We use cookies. Read the Privacy and Cookie Policy

ЧАСТЬ 12

Возникновение «Пиквика» и писательские особенности Диккенса

Слава Физа связана со славой Диккенса, но все же поводом, хотя и внешним, к возникновению «Пиквика» послужил талант Сеймура. По свидетельству издателя Чепмена, Сеймур, выполнив одну из заказанных издателем работ в конце 1835 г., по собственной инициативе предложил выпустить новую серию рисунков, изображающих охотничьи и спортивные похождения прирожденных лондонцев, так называемых кокни (ч. 30). Чепмен принял предложение, но с условием, что серия будет выходить ежемесячными выпусками с пояснительным текстом. Так как издательство уже считало Диккенса своим сотрудником, оно, по рекомендации Уайтхеда (ч. 10), обратилось к нему с предложением снабжать текстом рисунки Сеймура.

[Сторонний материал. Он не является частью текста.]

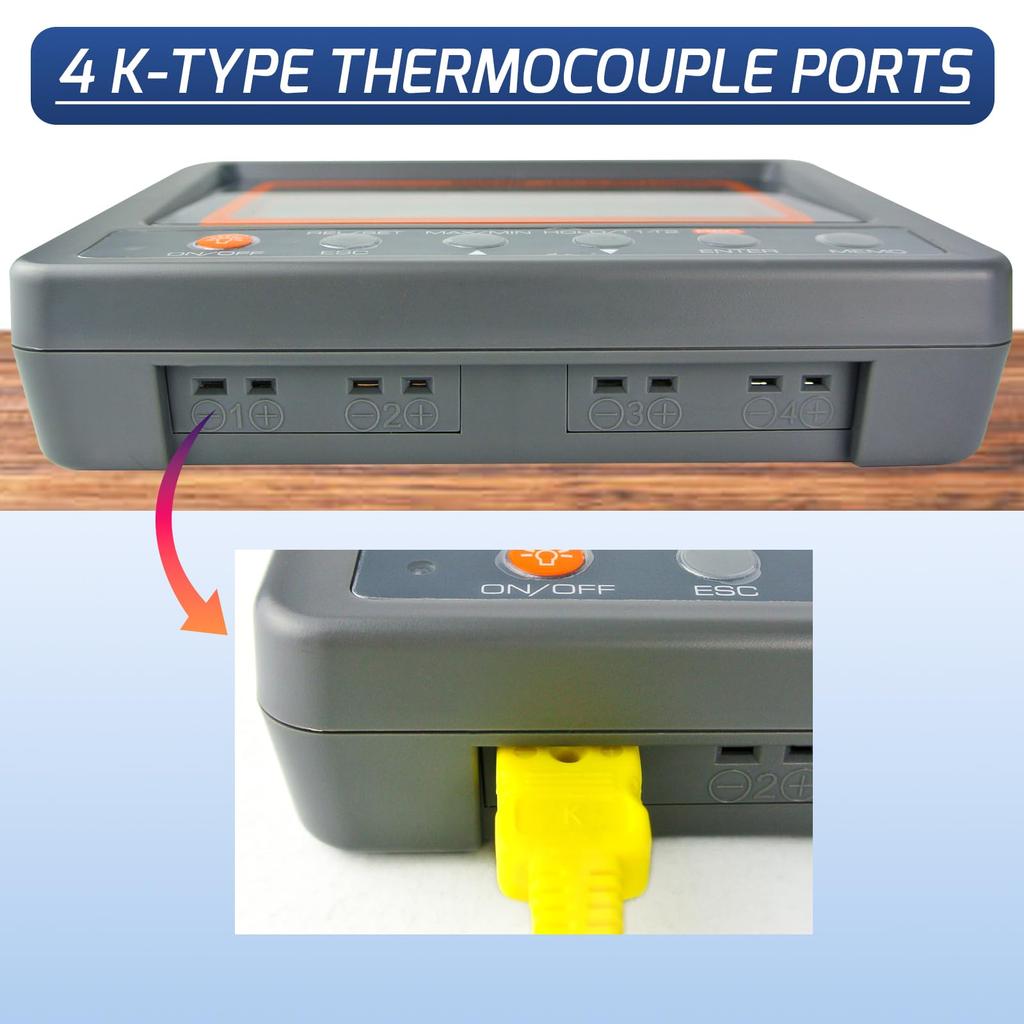 Gain Express Thermoelement-Thermometer Typ K, SD-Karte, Datenloggerfunktion mit 2 Thermoelementsonden Typ K und 8 GB SD-Karte, japanische Anleitung
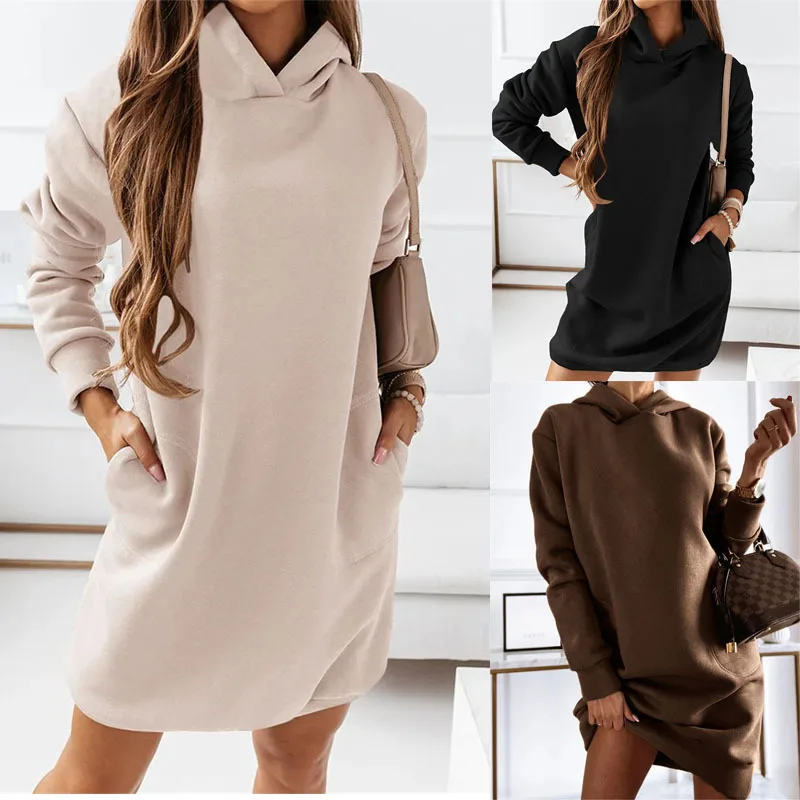 

2023 Autumn/Winter New Women's Wear Long Sleeve Solid Color Dress with Hat
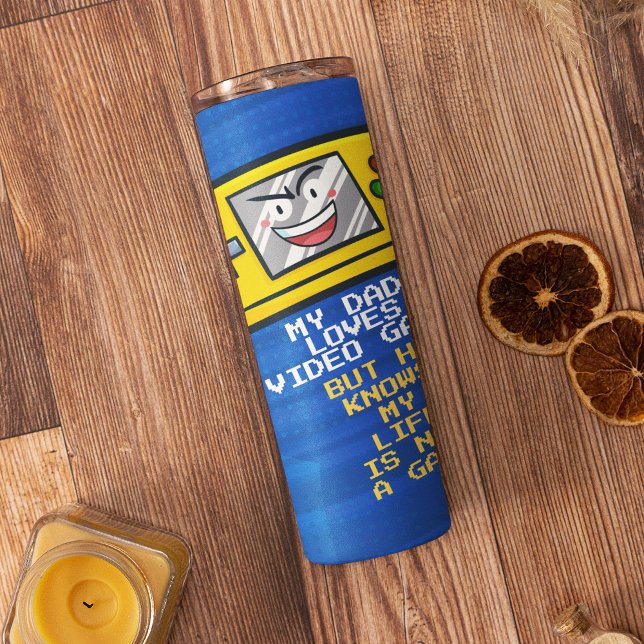 Funny Yellow Portable Father's Day Greeting Card Thermal Tumbler (Creator Uploaded)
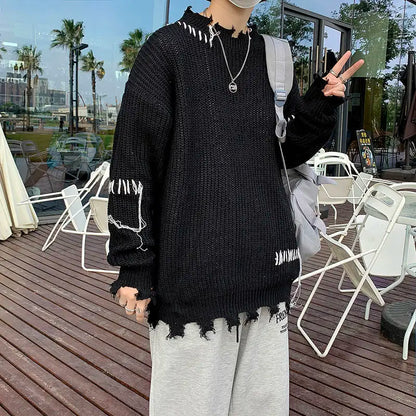 Sweater With Hearts Korean Fashion Men Men's Clothes Winter Trend Knit Harajuku Hip Hop Women's Oversize Print Clothing Sweaters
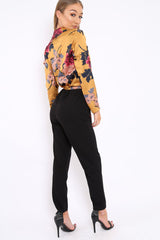 Mustard Floral Plunge Satin Wrap Front Jumpsuit - Talulah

Дальнейшую историю Диккенс сам излагает в Предисловии к дешевому изданию «Пиквика» (1847 г.). Ему было предложено составлять текст к рисункам Сеймура, причем была высказана мысль, — Диккенс не знает, была ли это мысль художника или издателей, — что он мог бы дать изображение некоего «Нимродова[5] клуба», члены коего отправляются на охоту, рыбную ловлю и т. п., но по неумению и глупости попадают в сложные комические положения. Диккенс, со своей стороны, высказался в том смысле, что идея эта — не новая и не раз уже приводилась в исполнение; что, хотя он родился в провинции, он не считает себя достаточно осведомленным в спорте, за исключением разве всех способов передвижения (ср. ч. 8); что было бы несравненно лучше, если бы иллюстрации отправлялись от текста; что он предпочел бы большую свободу в выборе места действия и действующих лиц и боится, что в конце концов пойдет своим путем, какой бы порядок он ни наметил себе, приступая к делу. Когда точка зрения Диккенса была принята, он задумал мистера Пиквика и написал то, что вошло в первый выпуск. Сеймур познакомился с текстом по корректуре и тогда только сделал свои рисунки, в числе коих было заседание Пиквикского клуба с изображением четырех членов Общества корреспондентов, чьи похождения Диккенс собирался описывать, хотя в то время едва ли мог конкретно представить себе, в чем эти похождения будут состоять.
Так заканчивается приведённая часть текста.